- DATA SECTION:

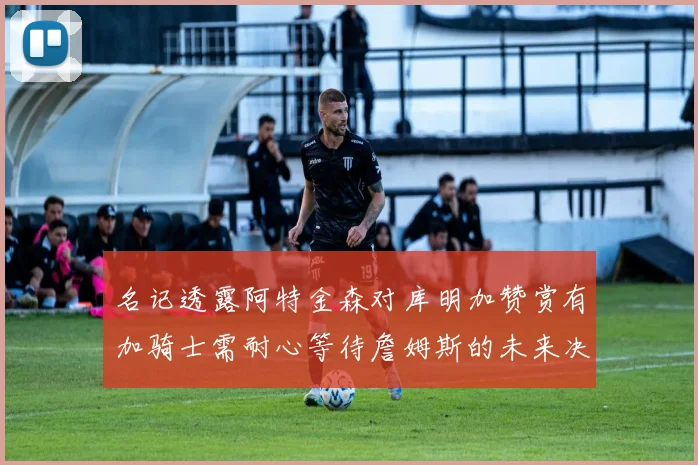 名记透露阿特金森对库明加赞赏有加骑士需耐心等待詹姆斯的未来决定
---
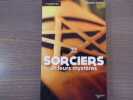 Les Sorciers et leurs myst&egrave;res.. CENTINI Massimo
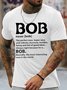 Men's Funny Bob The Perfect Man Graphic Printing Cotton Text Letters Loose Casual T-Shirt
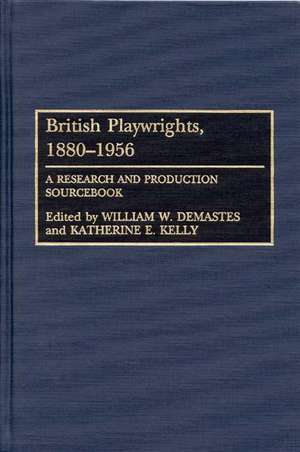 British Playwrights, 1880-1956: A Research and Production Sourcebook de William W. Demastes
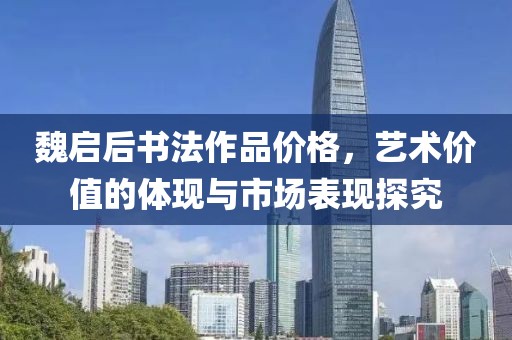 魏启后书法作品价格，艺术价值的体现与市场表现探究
---
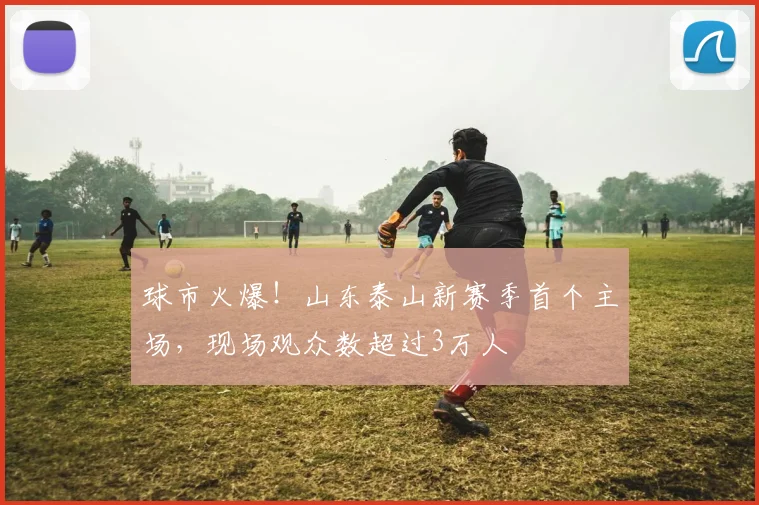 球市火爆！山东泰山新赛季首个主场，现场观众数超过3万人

- EXERCISE OBJECTIVE:
Within the listing above, write out the stretch from the line with "British Playwrights, 1880-1956: A" through the line with "魏启后书法作品价格，艺术价值的体现与市场表现探究" exactly. Any pictures are to be left out.

- REPLY:
 British Playwrights, 1880-1956: A Research and Production Sourcebook de William W. Demastes
 魏启后书法作品价格，艺术价值的体现与市场表现探究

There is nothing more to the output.